土曜日に書くのは久しぶり・・・かな

 休みの日はほとんど書かないのですがね。
 もうすぐ読み終わるもの。

メッテルニヒ

メッテルニヒ

 ジャーナリストだった人の手になる文章・・・ですが、やや読みにくい。これは年代的なものなのか?自分の好き嫌い、単純な好みがあらわになっていて、いいのかな?とか思うし、同じ趣旨の文章が何度も出てくる。あんまりいい文章とは思えない。
 しかし、『保守反動』という言葉で表現されるナポレオン戦争後のヨーロッパを、自由や平等を求める声を弾圧し続けた厳しく、古めかしく、頭ガチガチの頑固親父というイメージは完全に間違っているというのは楽しかったです。
 メッテルニヒの出身は意外にもオーストリアではなくライン川沿いの、つまりかなり開放的なドイツ。
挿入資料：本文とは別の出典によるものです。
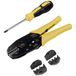Maxtrack SW 17 L Krimpset Adereindhulzen, Connectoren (male), Kabelverbinders 0.5 tot 16 mm² Incl. verwisselbare krimpinserts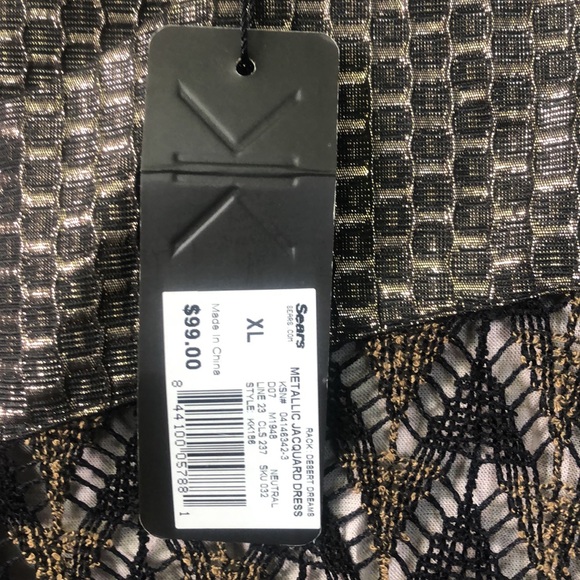 Beautiful black and gold ARDASHIAN KOLLECTION DRESS - Picture 2 of 6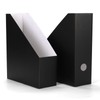 EXYGLO 12 Pack Magazine File Holder, Cardboard Magazine Rack with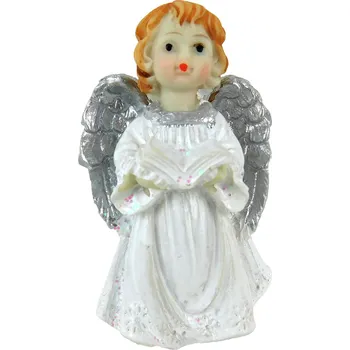 Vánoce PROHOME - Anděl stříbrný 7x4,5cm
社交的でタレイランに近い人物像。典型的な十八世紀貴族で、社交的で教養が深く、ドイツ語、フランス語、英語、スラブ語、イタリア語などなどを操り、背が高く、美男子で、頭の回転が速く、理性的で、戦争と暴動が嫌い。
 フランス革命と遭遇したのは二十代の学生時代だったようですが、彼が目にした『革命』とは暴動と恐怖政治でした。だから『革命』や旧来の秩序を乱すものを嫌いました。
 しかしかといって抑圧的な性格ではなく、ナポレオン戦争後のヨーロッパの平和と秩序の再構築を目指し、場合によっては諸民族の自治を大幅に認めて緩やかな、連邦制のようなヨーロッパ機構を模索していたようです。今のEUのように。
 だが時代は保守反動。彼を信頼し、彼を引き立てたハプスブルグのフランツ帝からして支配領域の少数民族自治など認める事はできないという感じ。君主制を奉じるメッテルニヒはそんな皇帝に逆らう事はできず、陰口を叩くぐらいが関の山。そして民衆にとっては憎むべき象徴としてメッテルニヒは祭り上げられていく・・・。
 勢力均衡による平和秩序への模索は、何もメッテルニヒの始めた事ではないのですが、単なる懐古主義者ではなく、国際会議の場で諸問題を解決し、戦争というものを極力排除しようとしたところが評価されるべきなのでしょう。彼が始めた体制は、プロイセン・ドイツの台頭による2つの戦争(普墺戦争普仏戦争)が例外的に起こったものの、全ヨーロッパを巻き込む大規模戦争は第一次世界大戦までヨーロッパに曲がりなりにも平和をもたらしたのでした。
 その意味では積極的に評価すべき人物なのでしょうね。
 しかし、メッテルニヒも人物としてのナポレオンは好きだったのかー・・・ただ全ての力の源泉を戦争に求めるナポレオンの発想だけは危険視し、軽蔑していたようですが。なかなか複雑だねぇ。